The Centre for Healthcare Modelling and Informatics (CHMI) has helped colleagues from Portsmouth Hospitals to develop and evaluate a score (the “National Early Warning Score”, NEWS) for hospital use. This was a consequence of a previous KTP to help develop the Vitalpac system, which is used in many hospitals to collect vital signs data (e.g. pulse, temperature, blood pressure) at the patient’s bedside.
NEWS converts a patient’s vital signs into a simple integer score that tells nurses and doctors how sick the patient is. It’s used in the majority of UK hospitals to prioritise patients for attention by staff.
Xim has developed a system for measuring vital signs using simple cameras. This will enable some of the same monitoring to be performed on patients once they’ve been sent home. This should enable patients to be sent home sooner. However, the home monitor won’t collect exactly the same data as in hospital, so we need to devise and calibrate a separate scoring system.
What does it mean to you to get the funding?
To do research and innovation successfully on anything but a small scale needs resources, usually in the form of research manpower. The funding will enable us to employ a top-quality graduate with computer programming and data analysis skills to undertake the development work in conjunction with Xim’s team.
What is the potential impact of the partnership likely to be?
Xim is a small company and is not currently capable of carrying out major research and development projects on their own. The Knowledge Transfer Partnership will provide them with the human and other resources to do so, supported by the academic team from CHMI.
The immediate benefit to Xim will be the development of a new service that they can sell to healthcare organisations. The project will also enable them to develop new services more quickly in the future. For the University, we will develop a new line of research and collect data that can be used to make further research advances.
What problems do you envisage encountering? How are you anticipating that these might be overcome?
Every KTP has its challenges but we’re used to overcoming them.
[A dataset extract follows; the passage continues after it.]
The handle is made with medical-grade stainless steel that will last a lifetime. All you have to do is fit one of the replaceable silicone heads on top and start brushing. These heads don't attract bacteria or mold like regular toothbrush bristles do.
The current state of the art in vital sign-based early warning systems is based on data collected in a hospital ward. That environment provides obvious advantages in the quality of data collected, since it is done by trained professionals (i.e. nurses), using specialist equipment (mobile devices running software designed for their needs) and to clinical standards. We need to advance the art so that the same data can be gathered by non-professionals, in a wide variety of domestic or other environments, but with an adequate standard of quality. In this context, quality is largely the accuracy of the data collected, but also the timeliness of its collection.
What (social/economic) benefits are you hoping the partnership will bring about?
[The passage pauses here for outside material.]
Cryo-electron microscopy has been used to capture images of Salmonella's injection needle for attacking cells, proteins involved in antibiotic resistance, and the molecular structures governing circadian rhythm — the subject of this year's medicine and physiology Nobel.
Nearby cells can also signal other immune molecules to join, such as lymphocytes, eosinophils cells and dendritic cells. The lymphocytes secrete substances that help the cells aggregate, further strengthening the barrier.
In 2012-13, there were more than one million emergency readmissions to hospital within 30 days of discharge, costing the NHS an estimated £2.4 billion. The system we are developing will enable hospitals, GPs and ultimately family members to monitor a patient’s condition at home. From this, they will be able to gain early warning of significant health deterioration. At the public health level, the project promises to reduce emergency re-admissions, which in turn will reduce waiting times for other patients and improve outcomes for all.
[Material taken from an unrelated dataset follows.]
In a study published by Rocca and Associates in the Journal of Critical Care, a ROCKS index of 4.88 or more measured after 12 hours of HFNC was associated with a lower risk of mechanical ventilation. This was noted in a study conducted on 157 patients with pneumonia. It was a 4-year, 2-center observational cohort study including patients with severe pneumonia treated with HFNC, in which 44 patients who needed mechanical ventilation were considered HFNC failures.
Moreover, this technology will reduce health service costs. Patients who can be monitored at home can be released from hospital sooner (thereby freeing beds), and patients who become ill at home can be given appropriate treatment before their condition exacerbates to a critical level. This technology will have real potential to save lives and improve outcomes for patients and their families.
How is the experience likely to benefit your research & innovation profile/for your career and for the University?
We are continuously seeking to expand the range and scope of work conducted in CHMI. We are acknowledged as one of the best-known health informatics research groups in the UK, and our reputation overseas is growing.
Our previous work on early warning scores has been focused on patients in hospital, but the future of healthcare lies outside hospitals and this is an example of a technology being developed to support that. This work makes an important contribution to being able to support a patient as safely when they return home as they are when in hospital.
What opportunities for further research and innovation activity might come out of this partnership?
KTPs often spawn other KTPs as other companies hear about the work that we do and want to do something similar. This is the fourth KTP that I’ve been involved in. They are always exciting when you are able to achieve things that actually make people’s lives better.